[SINGAPORE] The market perked up slightly on OCBC Bank's lower-than-expected conditional offer for Hong Kong's Wing Hang Bank yesterday, with the Singapore lender's shares closing five cents or 0.53 per cent higher at $9.56. OCBC is offering HK$125 in cash for each Wing Hang share, which comes up to HK$38.43 billion (S$6.23 billion) in total - lower than the S$6.7 billion estimated by the Street.
Even so, this deal is the largest by a local bank since DBS's US$5.8 billion purchase of Hong Kong's Dao Heng Bank in 2001. The addition of Wing Hang to its pockets will be accretive to OCBC's earnings per share and return on equity by 2017, the bank said. On a pro-forma basis, Wing Hang would have increased the full-year pre-tax contribution from Greater China to OCBC from 6 per cent to 16 per cent in 2013, post-acquisition.
Wing Hang's founding Fung family, their affiliates, related family trusts and BNY International Financing Corporation have agreed to sell a total of 44.79 per cent of Wing Hang shares to OCBC. Commitments from other Wing Hang shareholders will bring OCBC's share of the bank to 50.66 per cent.
If OCBC is able to acquire 100 per cent of Wing Hang, the former intends to delist it from the Hong Kong Stock Exchange, Group CEO Samuel Tsien said at a media briefing yesterday. Standard & Poor's said yesterday that it had affirmed its AA- long-term and A-1+ short-term issuer credit ratings on OCBC.
"We affirmed the rating because we believe OCBC's financial profile will remain unaffected despite the bank's proposed acquisition of Hong Kong-based Wing Hang Bank Ltd," said Standard & Poor's credit analyst Chris Lee.
OCBC's counter took a beating earlier this year when the market expected a pricier deal. From $10.18 at the start of 2014, it had shed almost 11 per cent to $9.09 by February.
Asked about OCBC's offer being lower than expected, Mr Tsien said that he believes that the offer price is "fair and equitable".
"It recognises the value that Wing Hang has in this franchise and . . . we think it's a fair deal for the selling shareholders as well as the acquiring entity," he said.
Wing Hang's counter closed 20 cents or 0.16 per cent higher at HK$123.20 yesterday.
The deal will be funded through a mix of internal resources, new debt and equity capital. It will also be OCBC's first purchase which involves funding through equity, in a departure from its previous acquisitions or investments.
"We have the opportunity to acquire the entire issued share capital of Wing Hang, so as a result of that, from a prudent capital management perspective, it is right for us to look at a funding plan that involves both debt and equity," Mr Tsien said. How much OCBC will raise depends on the outcome of its general offer for Wing Hang. "It is our intention to make sure that our capital adequacy will always be at a prudent level with a sufficient cushion above the regulatory minimum," Mr Tsien added.

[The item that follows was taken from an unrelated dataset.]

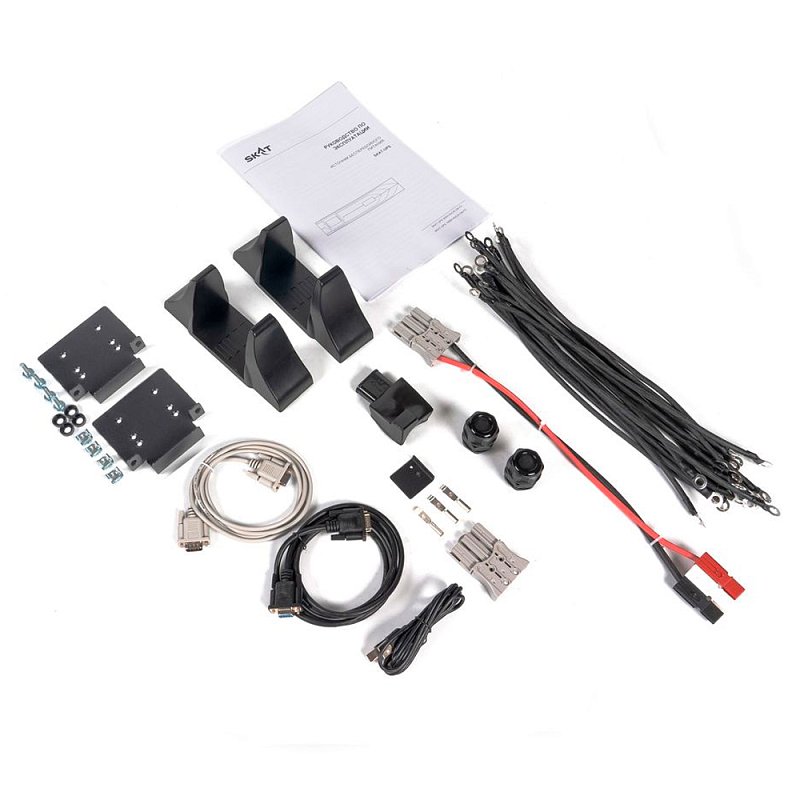 ИБП SKAT-UPS 6000-RACK-ON P3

He also said that OCBC does not envisage selling its stake in Great Eastern Holdings to raise funds for this purchase. The acquisition is expected to lower OCBC's total capital adequacy ratio from 16.3 per cent to 12.5 per cent, before any capital raising.
For some analysts, the deal's price and capital structure were in line with expectations, with the offer translating to a price-to-book ratio of 1.77.
"Investors may be relieved that pricing is reasonable . . . and did not resort to financing engineering (such as allowing Wing Hang shareholders to receive special dividend prior to acquisition) to seal the deal," said UOB Kay Hian analyst Jonathan Koh in a note yesterday.
Even so, Phillip Securities Research's Benjamin Ong noted: "At a price-to-book ratio of 1.77, there's still a premium attached for strategic control of a mid-sized bank, especially if we strip out Wing Hang's final dividend from the book value, as well as the property revaluation reserve. So, in fact, the offer value is about 2.02 times, price-to-book."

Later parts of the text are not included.